Nothing but the lines from the first line of the material below through the line that holds "Imagem 6: Apartamento venda" should be set down, exactly and with pictures left out.
Start of Study material
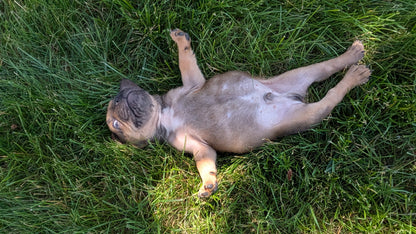 FRENCH BULLDOG (05/07) MALE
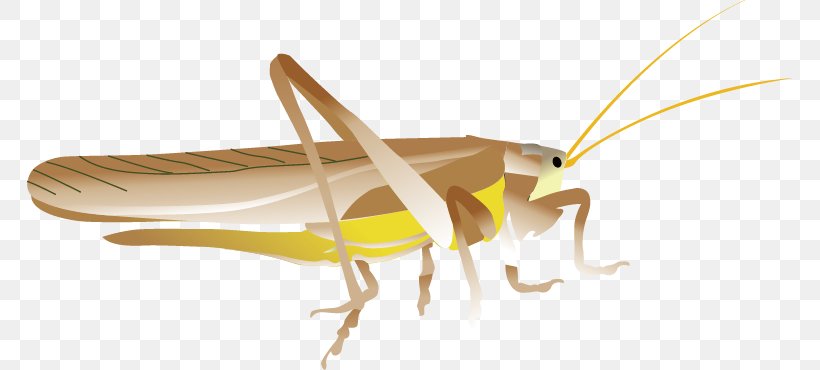 Insect Euclidean Vector Grasshopper Caelifera, PNG, 765x370px, Insect, Arthropod, Caelifera, Cricket, Euclidean Distance Download Free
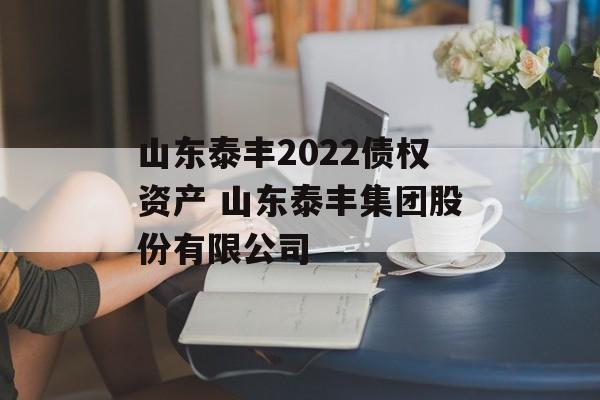 山东泰丰2022债权资产 山东泰丰集团股份有限公司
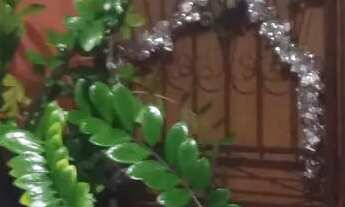 Imagem 6: Apartamento venda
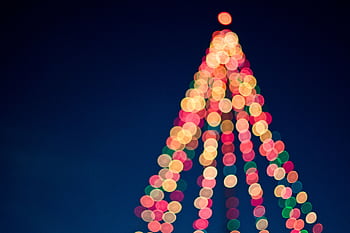 Colorful bokeh lights forming a Christmas tree against a dark blue sky. HD wallpaper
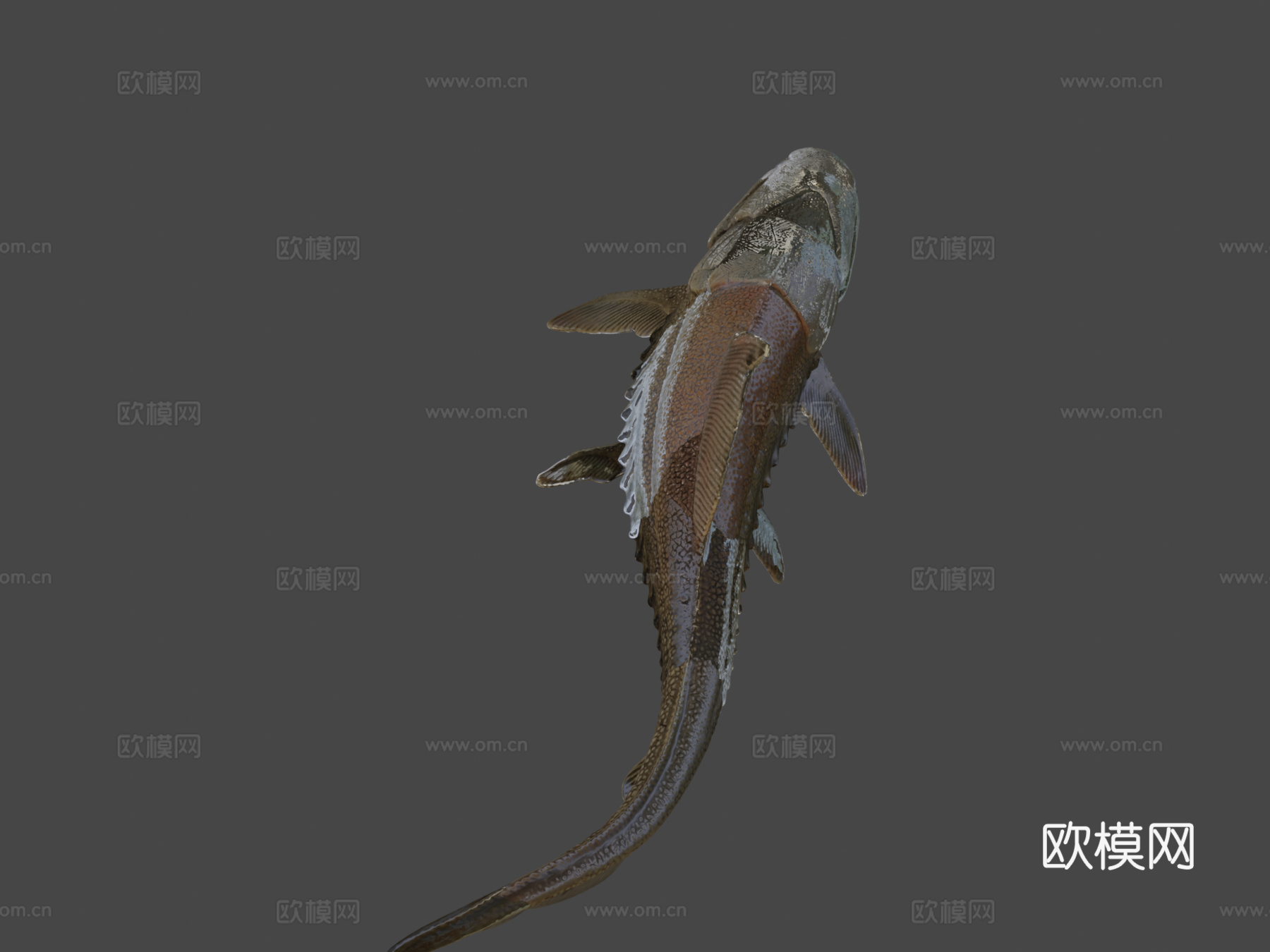 邓氏鱼3d模型下载（渲染图8）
End of Study material
* Response box:
 FRENCH BULLDOG (05/07) MALE
 Insect Euclidean Vector Grasshopper Caelifera, PNG, 765x370px, Insect, Arthropod, Caelifera, Cricket, Euclidean Distance Download Free
 山东泰丰2022债权资产 山东泰丰集团股份有限公司
 Imagem 6: Apartamento venda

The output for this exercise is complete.